Data provided Start Marker

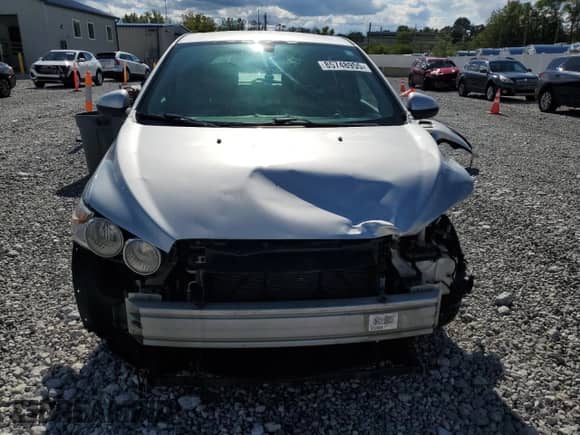 2014 Chevrolet Sonic LS с VIN 1G1JB6SH5E4179293, выставлен на аукционе Copart как лот 85748955 с пробегом 147 969 миль миль и Списание • Salvage title. История ставок и продаж доступна на DreamBid. Изображение 5.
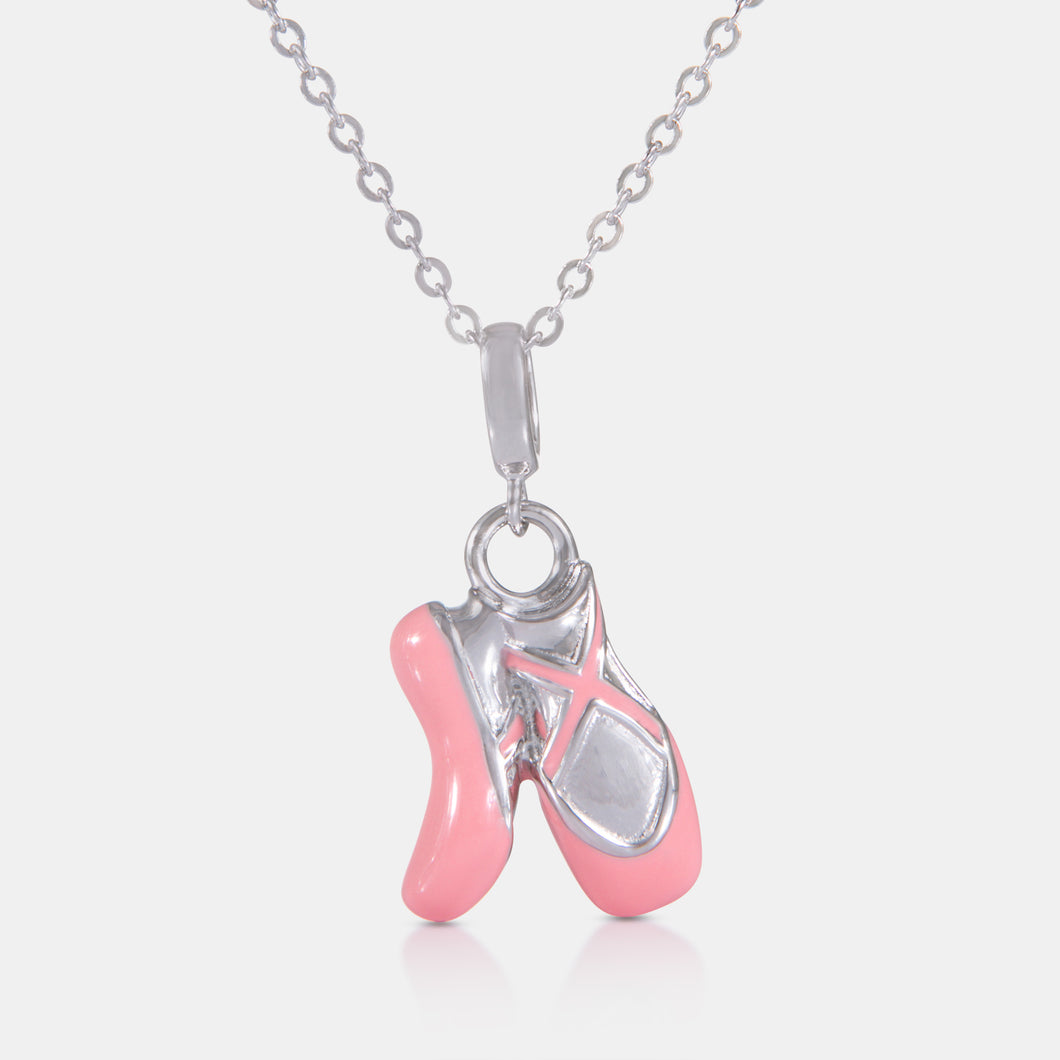 Sterling silver necklace pendant shaped like ballet shoes with soft pink enamel detailing, from the LFX x Goh Collection, inspired by the elegance of ballet and Goh Ballet’s Nutcracker performance.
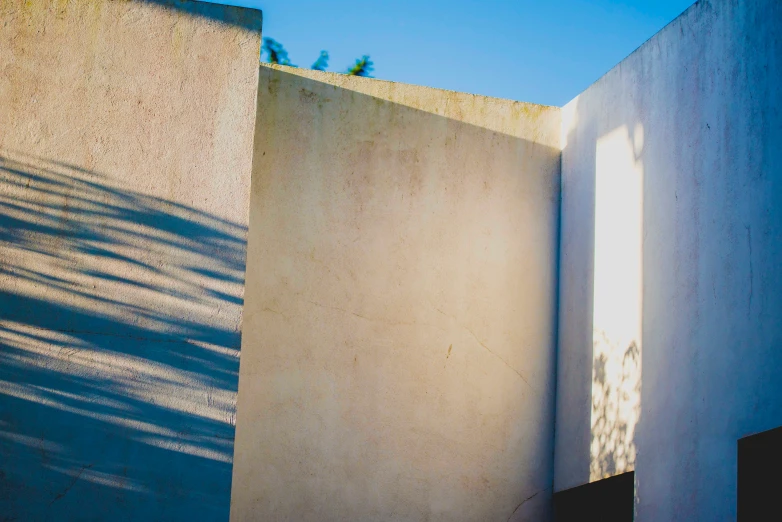 a concrete wall near the entrance to a building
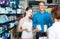 portrait of man with daughter teenager shopping medicine in drug store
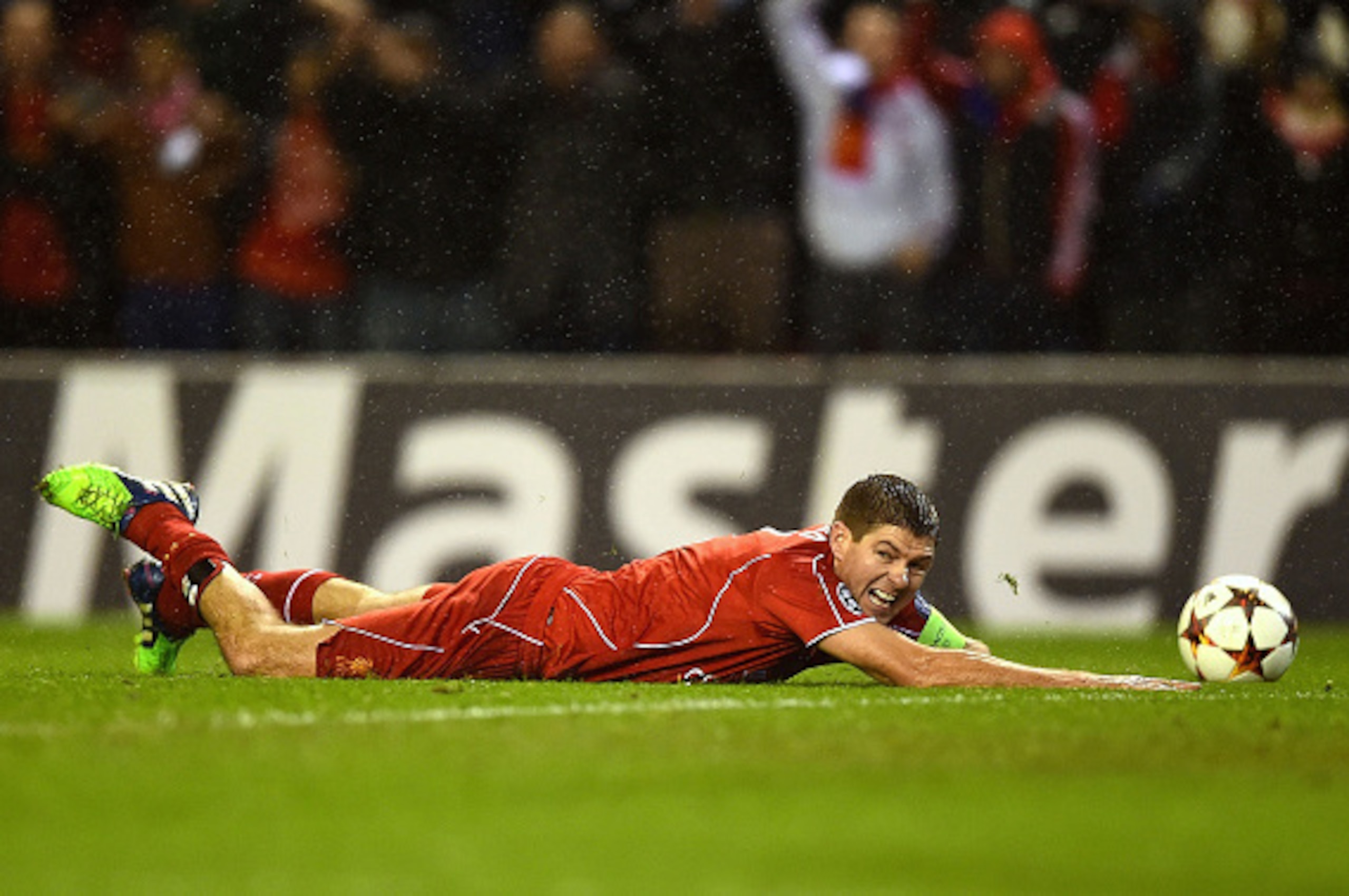 LIVERPOOL, ENGLAND - DECEMBER 09:  Steven Gerrard of Liverpool goes down in the down in the area during the UEFA Champions League group B match between Liverpool and FC Basel 1893 at Anfield on December 9, 2014 in Liverpool, United Kingdom.  (Photo by Lau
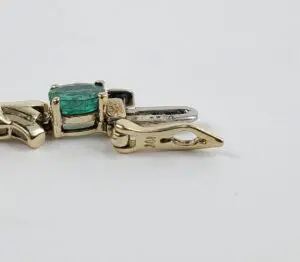 Gold pendant with green gemstone centerpiece.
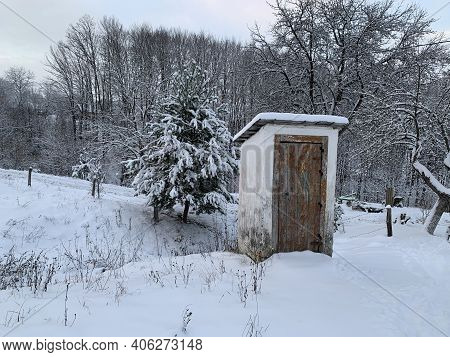Country Toilet In The Winter Outdoors. Outdoor Toilet Construction. Cabin - Toilet In The Forest On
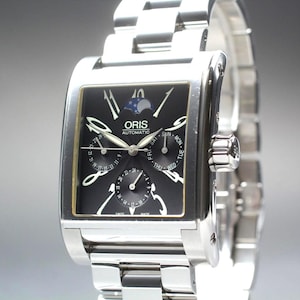 May include: A silver-toned Oris automatic watch with a rectangular black face. The watch features a moon phase indicator, day and date subdials, and a stainless steel band. The watch face displays the brand name and "automatic".
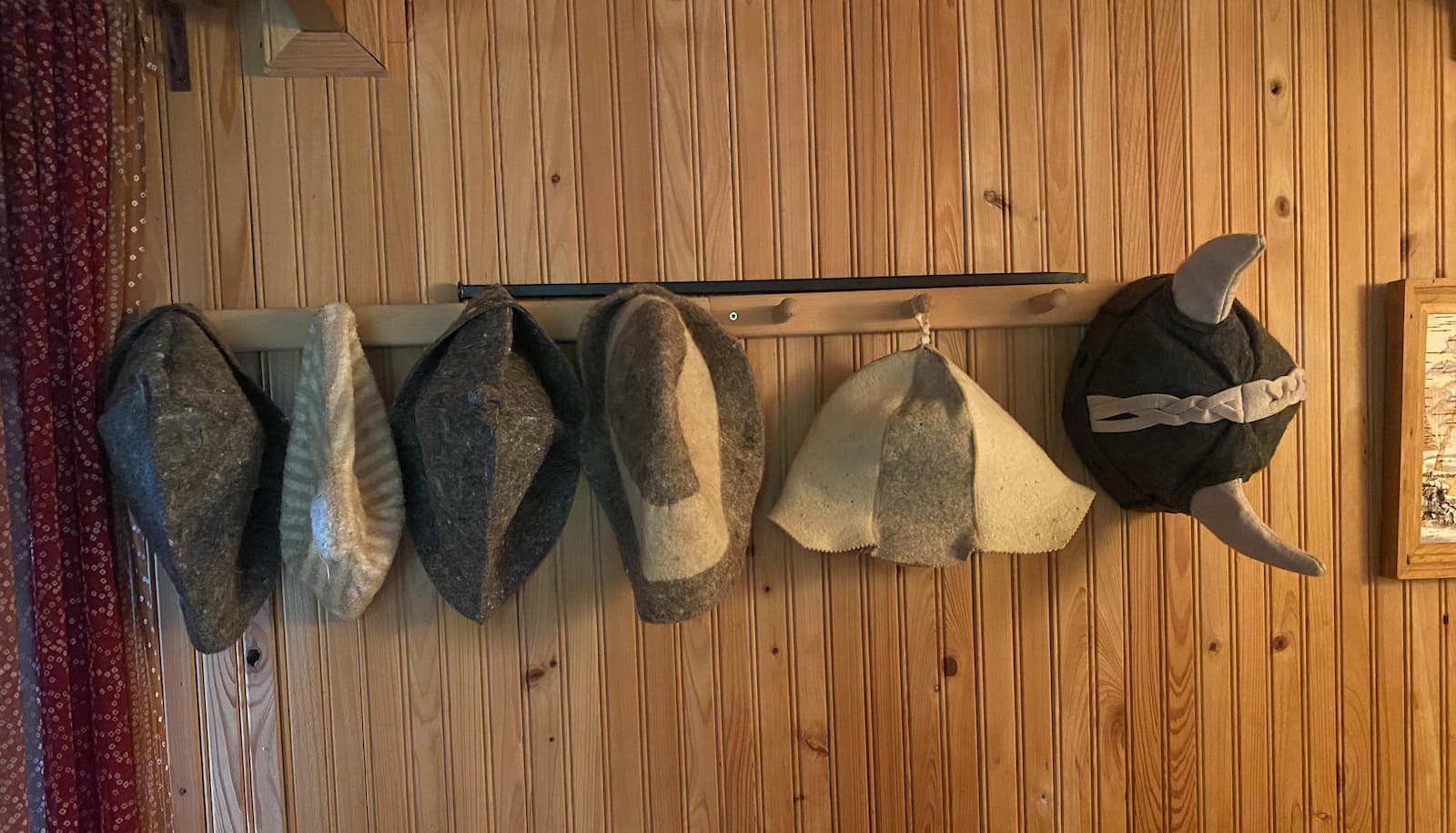 Felt banya hats hanging on the wall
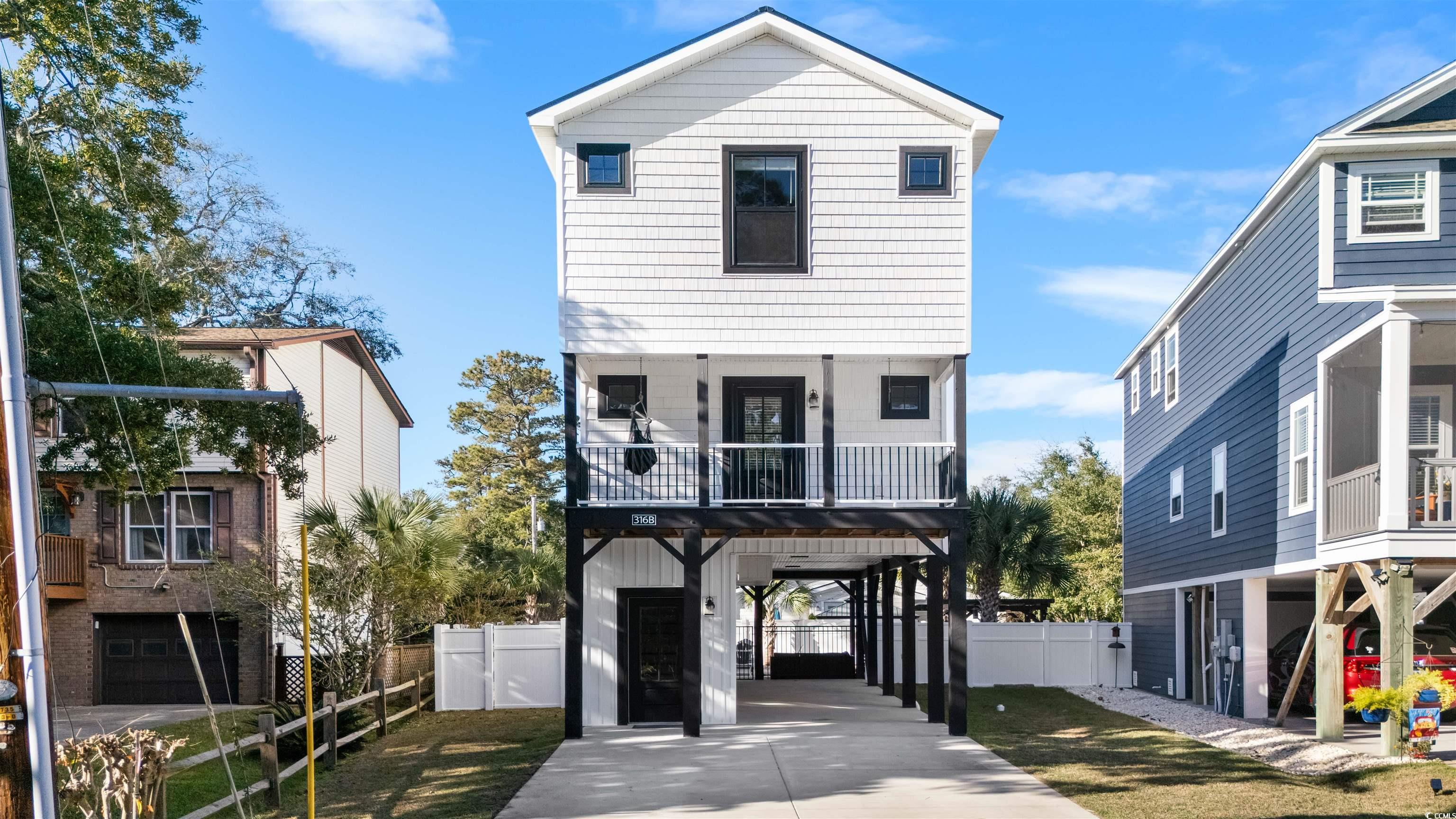 View of front of property with a carport and a bal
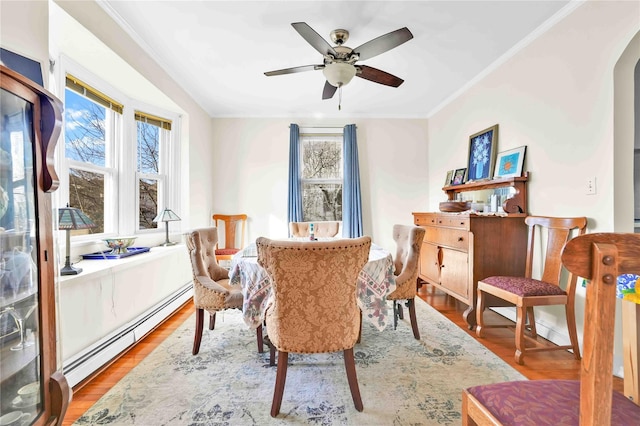 interior space featuring ornamental molding, baseboard heating, wood finished floors, arched walkways, and a ceiling fan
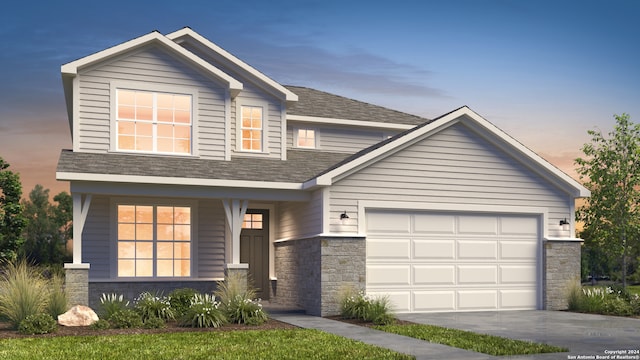 view of front facade featuring a garage and a porch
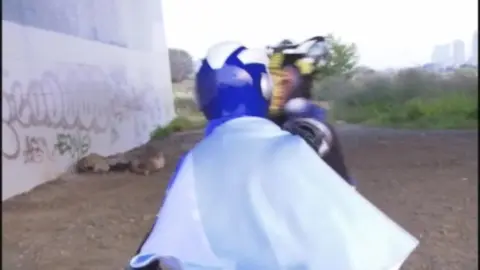 Asian Men in Costumes Outdoors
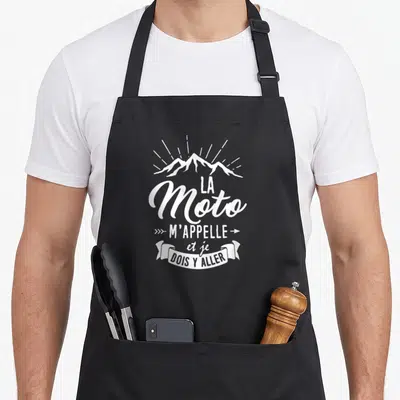 Tablier de cuisine noir avec inscription blanche la Moto m'appelle et je dois y aller au-dessus d'un motif de montagnes.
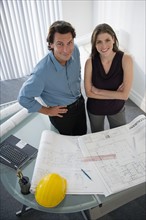 Architects with blueprints in office.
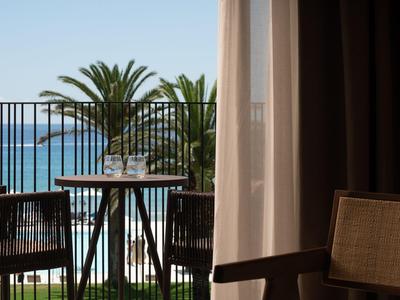 Balkon mit Tisch und Stühlen bietet Aussicht auf Palmen und Meer unter klarem Himmel.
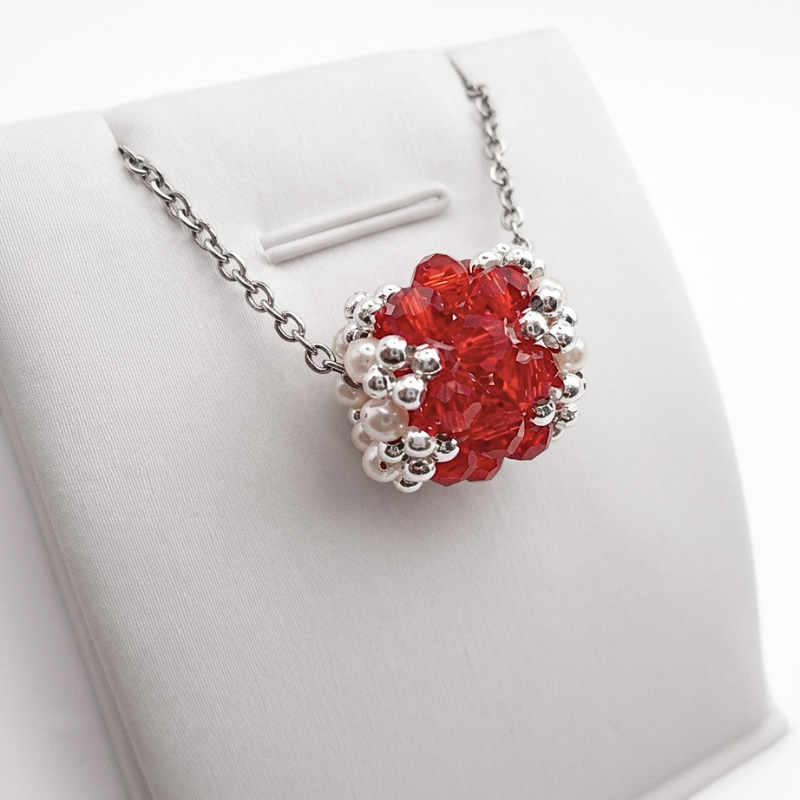 barrel-crystal-pendant-red Silver-tone chain necklace with an intricate woven beaded barrel-shaped pendant made of red crystals and white pearls, shown on a display stand against a white background.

Data provided End Marker

:: Brief ::
Without the pictures, please output every record exactly.

:: Task result ::
 2014 Chevrolet Sonic LS с VIN 1G1JB6SH5E4179293, выставлен на аукционе Copart как лот 85748955 с пробегом 147 969 миль миль и Списание • Salvage title. История ставок и продаж доступна на DreamBid. Изображение 5.
 Sterling silver necklace pendant shaped like ballet shoes with soft pink enamel detailing, from the LFX x Goh Collection, inspired by the elegance of ballet and Goh Ballet’s Nutcracker performance.
 a concrete wall near the entrance to a building
 portrait of man with daughter teenager shopping medicine in drug store
 LIVERPOOL, ENGLAND - DECEMBER 09:  Steven Gerrard of Liverpool goes down in the down in the area during the UEFA Champions League group B match between Liverpool and FC Basel 1893 at Anfield on December 9, 2014 in Liverpool, United Kingdom.  (Photo by Lau
 Gold pendant with green gemstone centerpiece.
Country Toilet In The Winter Outdoors. Outdoor Toilet Construction. Cabin - Toilet In The Forest On
 May include: A silver-toned Oris automatic watch with a rectangular black face. The watch features a moon phase indicator, day and date subdials, and a stainless steel band. The watch face displays the brand name and "automatic".
 Felt banya hats hanging on the wall
 View of front of property with a carport and a bal
 interior space featuring ornamental molding, baseboard heating, wood finished floors, arched walkways, and a ceiling fan
 view of front facade featuring a garage and a porch
 Asian Men in Costumes Outdoors
 Tablier de cuisine noir avec inscription blanche la Moto m'appelle et je dois y aller au-dessus d'un motif de montagnes.
 Architects with blueprints in office.
 Balkon mit Tisch und Stühlen bietet Aussicht auf Palmen und Meer unter klarem Himmel.
 barrel-crystal-pendant-red Silver-tone chain necklace with an intricate woven beaded barrel-shaped pendant made of red crystals and white pearls, shown on a display stand against a white background.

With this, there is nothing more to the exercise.